(Stored dataset items)
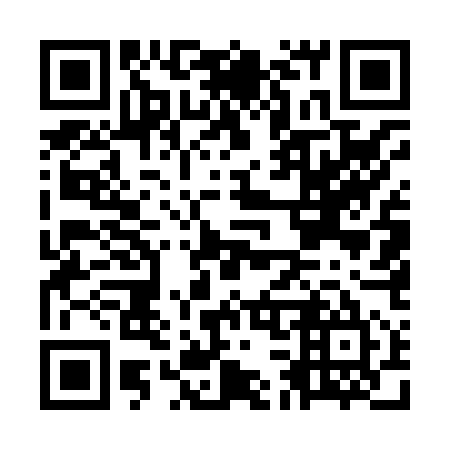 QR code for OC 5855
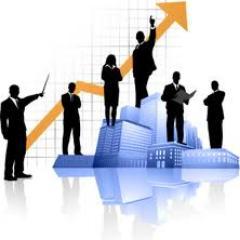 Clixdesk is specialized in utilizing the power of internet for the benefit of online and offline businesses. we deliver quality marketing services for clients.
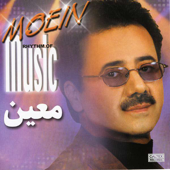 Rhythm of Music - Moein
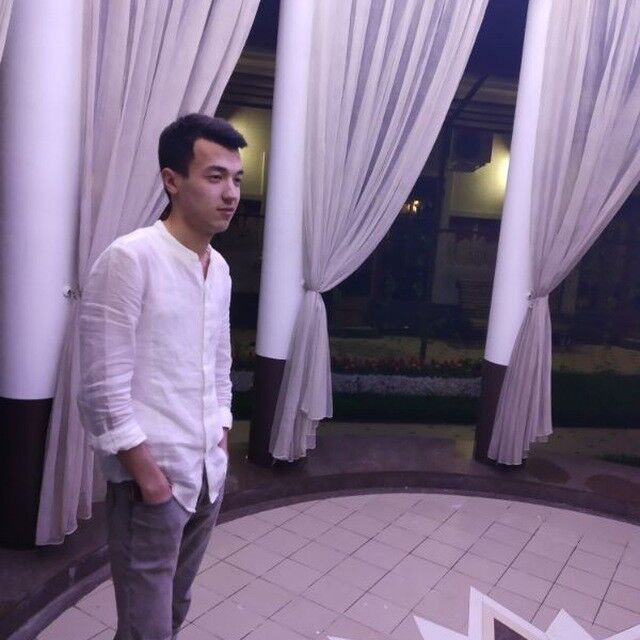 ���� 16702000 ������� Sunnat, 26 ���, ���� ���������� � ��������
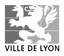 Retour page d'accueil Ville de Lyon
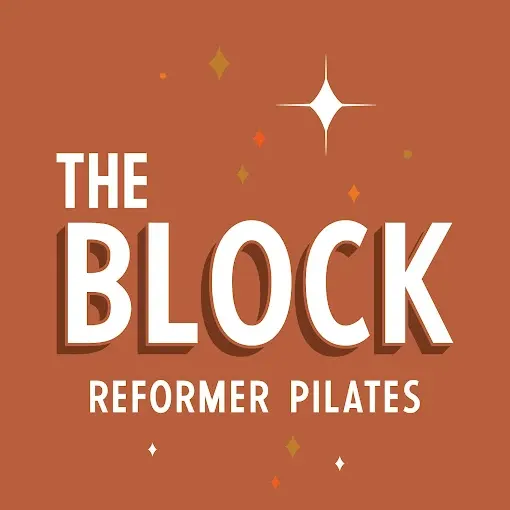 The Block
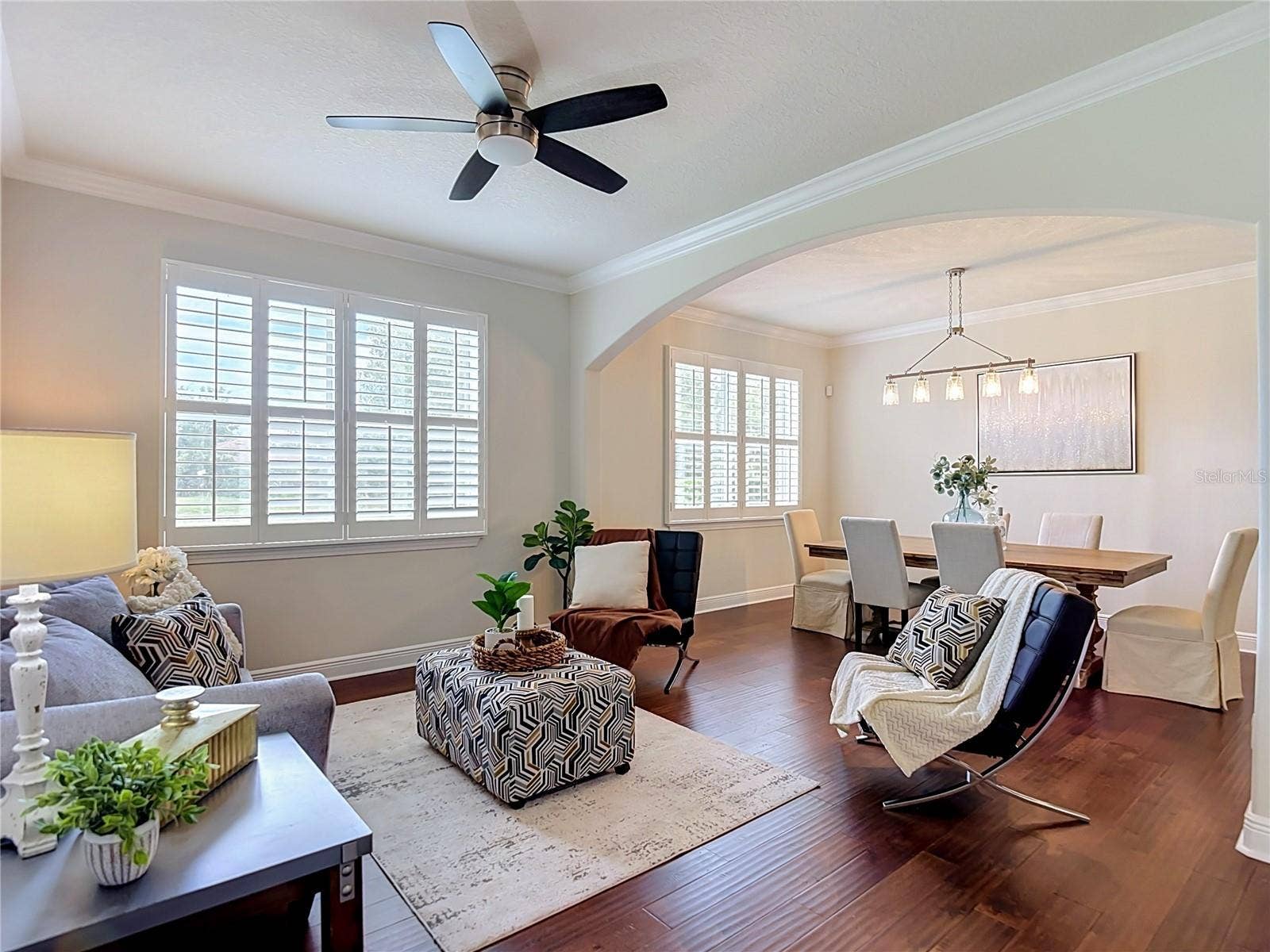 3117 MAJESTIC VIEW DRIVE, Lutz, FL 33558 3117 MAJESTIC VIEW DRIVE, Lutz, FL 33558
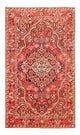 Persisk matta - Nomadic - 300 x 175 cm - röd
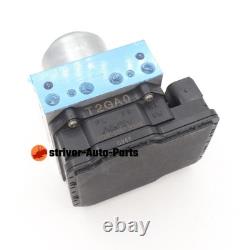 NEW OEM ABS Anti Lock Brake Pump Control For 2013-2017 Honda Accord 3.5L V6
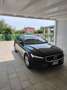 Volvo V60 2.0 b4 Momentum Business auto - thumbnail 5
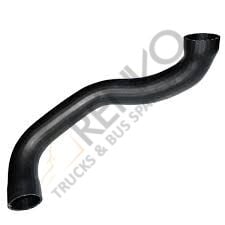 MERCEDES BENZ SPRINTERB TURBO INTERCOOLER HORTUMU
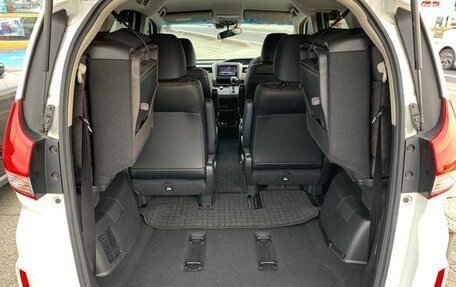 Honda Freed II, 2022 год, 1 373 000 рублей, 18 фотография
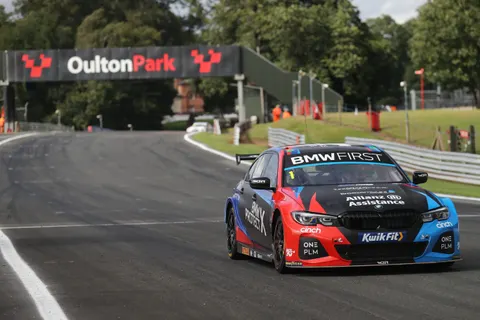Turkington1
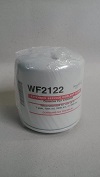 WE 2122 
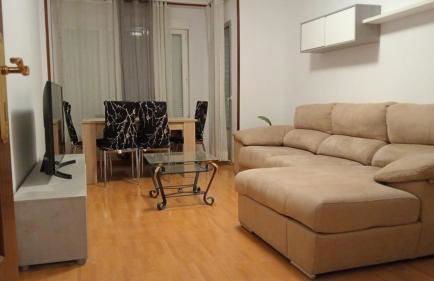 Piso 3 habitaciones Aranda de Duero céntrico - Photo 5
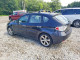 Subaru IMPREZA 2011 — Copart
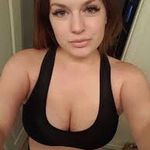 @nov_ascott - Instagram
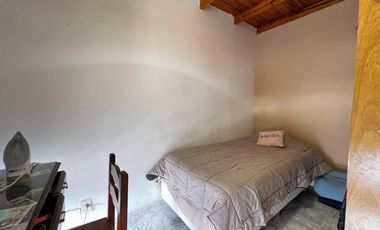 PH de 4 ambientes en alquiler en San Isidro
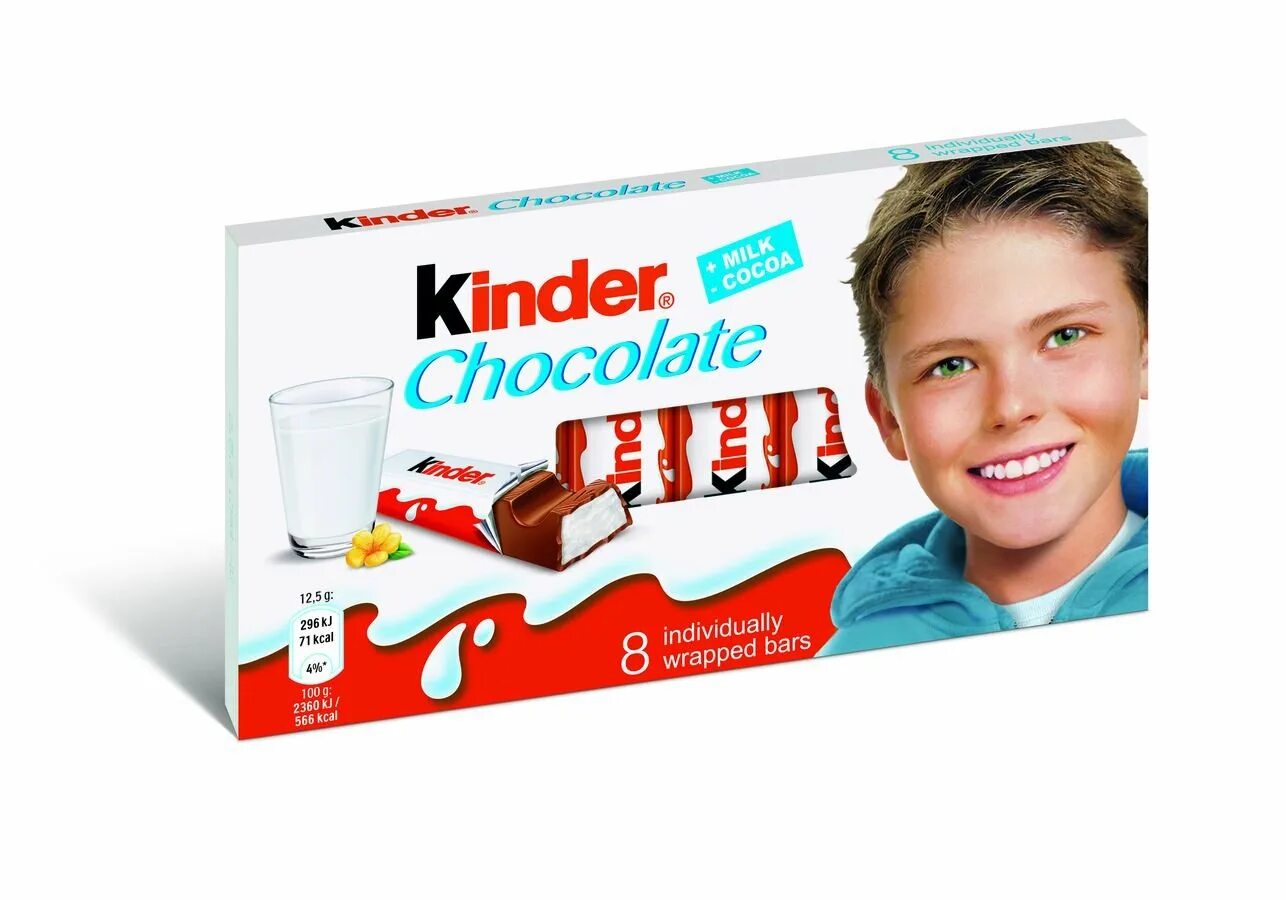 Ihr kinder. Киндер шоколад 100г. 1х8х10, блок. Киндер шоколад т8 100г. Киндер шоколад т8 -100гх10шт*(4бл). Киндер шоколад 100.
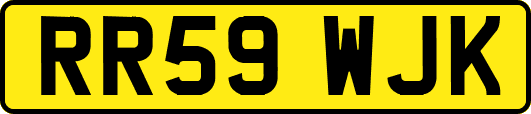 RR59WJK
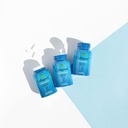 alfa-vitamins-collagenc---collagen-hydro-4.jpg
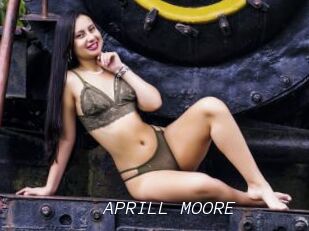 APRILL_MOORE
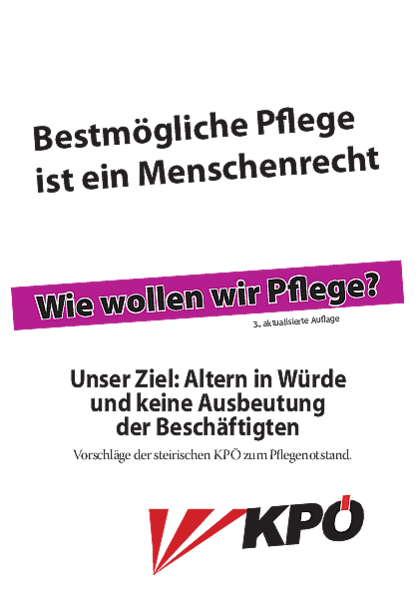 Herunterladen: pflegebroschuere_2013.pdf Dateivorschau: pflegebroschuere_2013.pdf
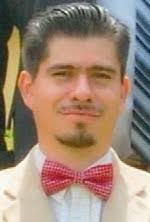 Maestría en Estudios Transdisciplinares en Ciencia y Tecnología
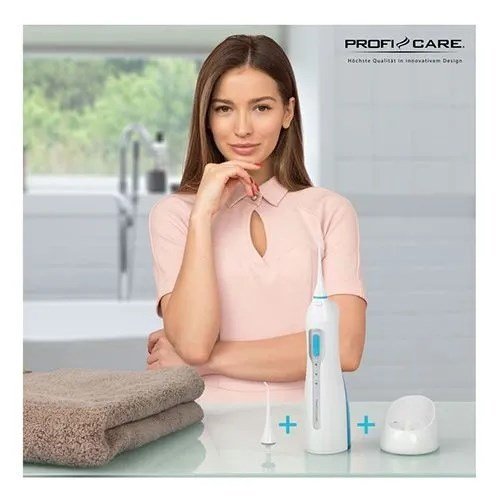 ProfiCare PC-MD 3026A Oral vandspray 0,15 L #11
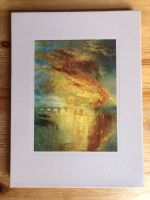 The World of Turner by Diana Hirsh / Time-Life Books Rheinland-Pfalz - Mainz Vorschau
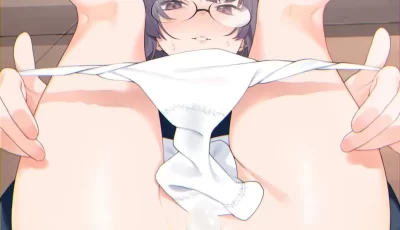[自行打包] 悠久ポン酢+あのんの大洪水伝説 漫画合集第181期 [42本+2.78G][百度盘]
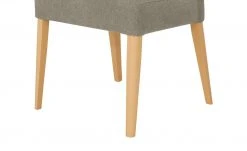 Woodford Polsterstuhl Ansgar | Falcon (Braun) Nein Buche 19 Woodford Polsterstuhl Ansgar | Falcon (Braun) Nein Buche -SitzWerk Verkaufsgeschäft 14307561 8 202102041234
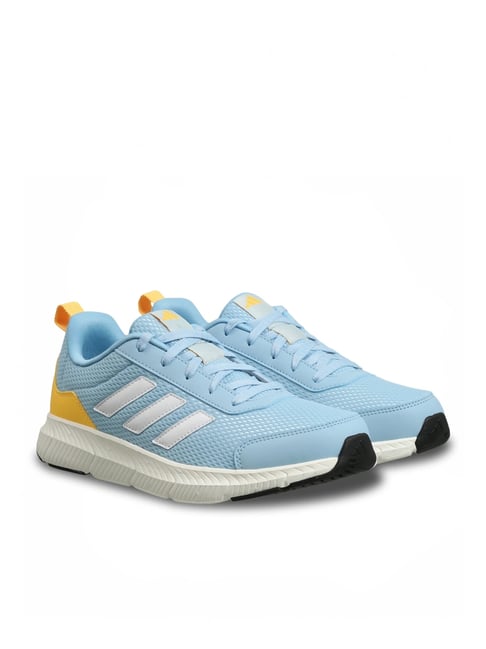 adidas gazelle silver green womens adidas Duramo 10 Legink/vivred/ftwwht  Sportamore.com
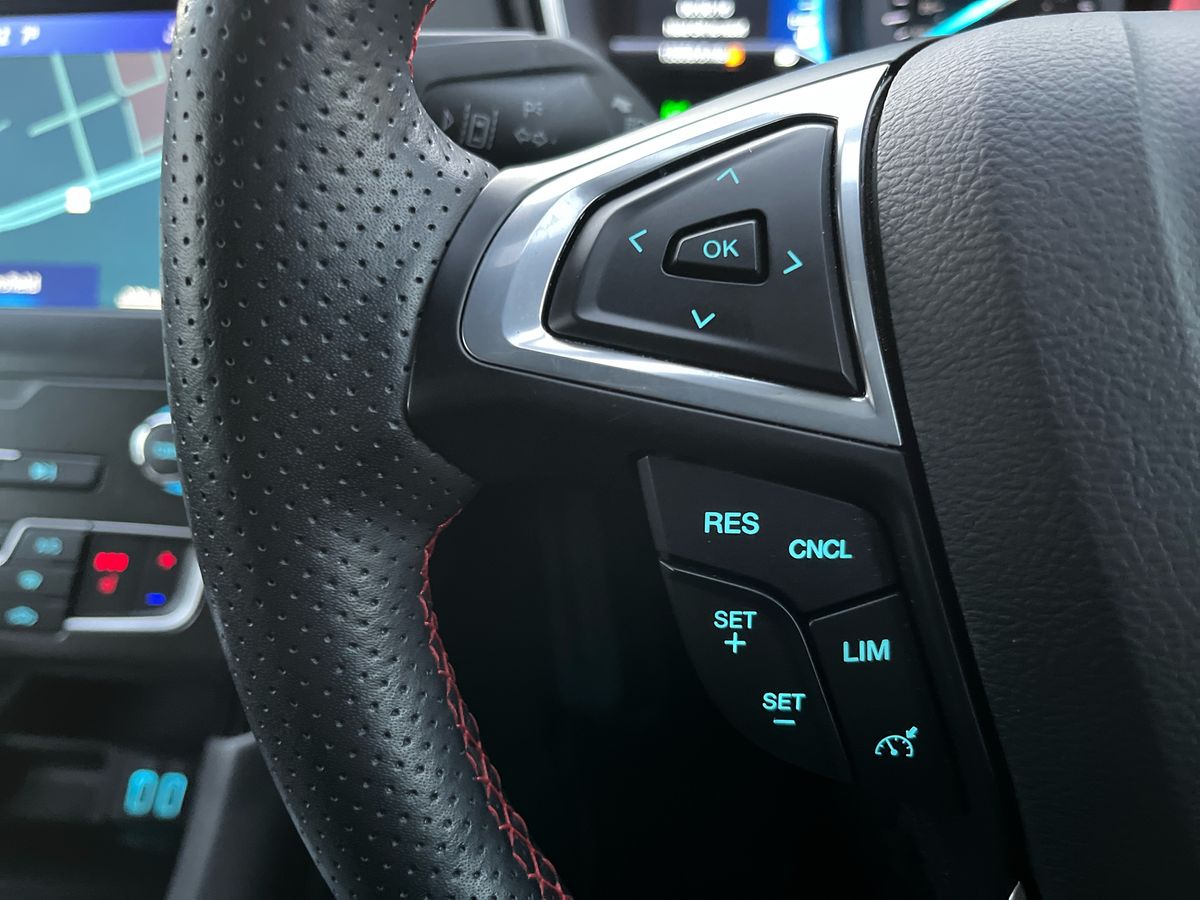 Used Ford Mondeo 2021 for sale - 76706911: Photo 16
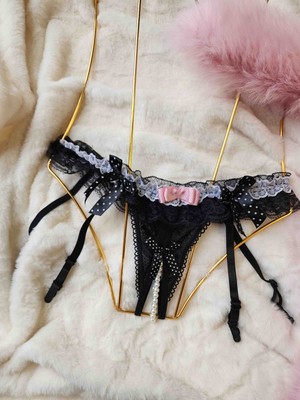 Incili String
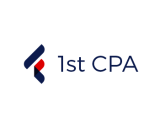 /public/logoimage/1597545944cpa logocontest final 5.png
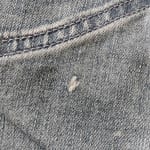 User submitted media 2 of 3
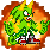 :iconscorpiusdragon22:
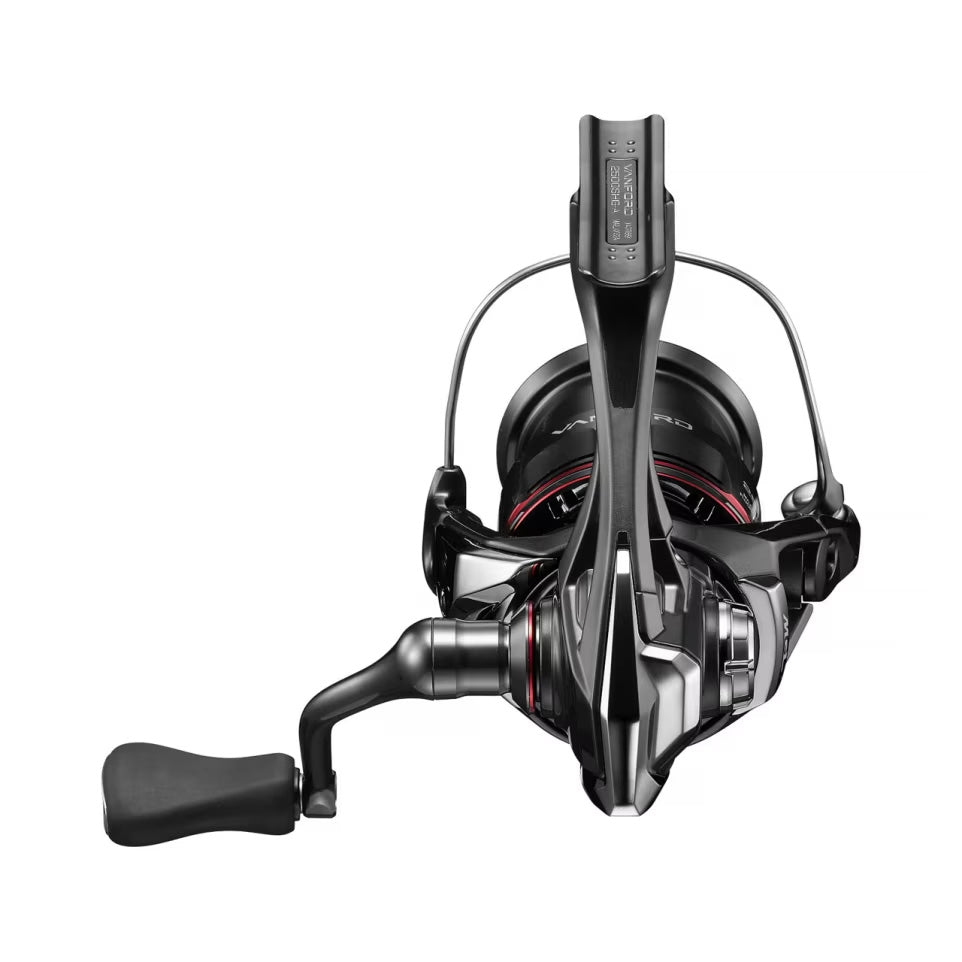 Shimano Vanford Spinning Reel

- [Task goal]: Pictures in the entries do not go into the copy. Print only the lines starting at the one containing "Retour page d'accueil Ville de Lyon" and ending at the one containing "User submitted media 2 of 3", exactly as they appear.

- [Answer to the problem]:
 Retour page d'accueil Ville de Lyon
 The Block
 3117 MAJESTIC VIEW DRIVE, Lutz, FL 33558 3117 MAJESTIC VIEW DRIVE, Lutz, FL 33558
 Persisk matta - Nomadic - 300 x 175 cm - röd
 NEW OEM ABS Anti Lock Brake Pump Control For 2013-2017 Honda Accord 3.5L V6
 Volvo V60 2.0 b4 Momentum Business auto - thumbnail 5
 MERCEDES BENZ SPRINTERB TURBO INTERCOOLER HORTUMU
 Honda Freed II, 2022 год, 1 373 000 рублей, 18 фотография
Turkington1
 WE 2122 
 Piso 3 habitaciones Aranda de Duero céntrico - Photo 5
 Subaru IMPREZA 2011 — Copart
 @nov_ascott - Instagram
 PH de 4 ambientes en alquiler en San Isidro
 Ihr kinder. Киндер шоколад 100г. 1х8х10, блок. Киндер шоколад т8 100г. Киндер шоколад т8 -100гх10шт*(4бл). Киндер шоколад 100.
 RR59WJK
 alfa-vitamins-collagenc---collagen-hydro-4.jpg
 APRILL_MOORE
 Herunterladen: pflegebroschuere_2013.pdf Dateivorschau: pflegebroschuere_2013.pdf
 Maestría en Estudios Transdisciplinares en Ciencia y Tecnología
 ProfiCare PC-MD 3026A Oral vandspray 0,15 L #11
 The World of Turner by Diana Hirsh / Time-Life Books Rheinland-Pfalz - Mainz Vorschau
[自行打包] 悠久ポン酢+あのんの大洪水伝説 漫画合集第181期 [42本+2.78G][百度盘]
 Woodford Polsterstuhl Ansgar | Falcon (Braun) Nein Buche 19 Woodford Polsterstuhl Ansgar | Falcon (Braun) Nein Buche -SitzWerk Verkaufsgeschäft 14307561 8 202102041234
 adidas gazelle silver green womens adidas Duramo 10 Legink/vivred/ftwwht  Sportamore.com
 Used Ford Mondeo 2021 for sale - 76706911: Photo 16
 Incili String
 /public/logoimage/1597545944cpa logocontest final 5.png
 User submitted media 2 of 3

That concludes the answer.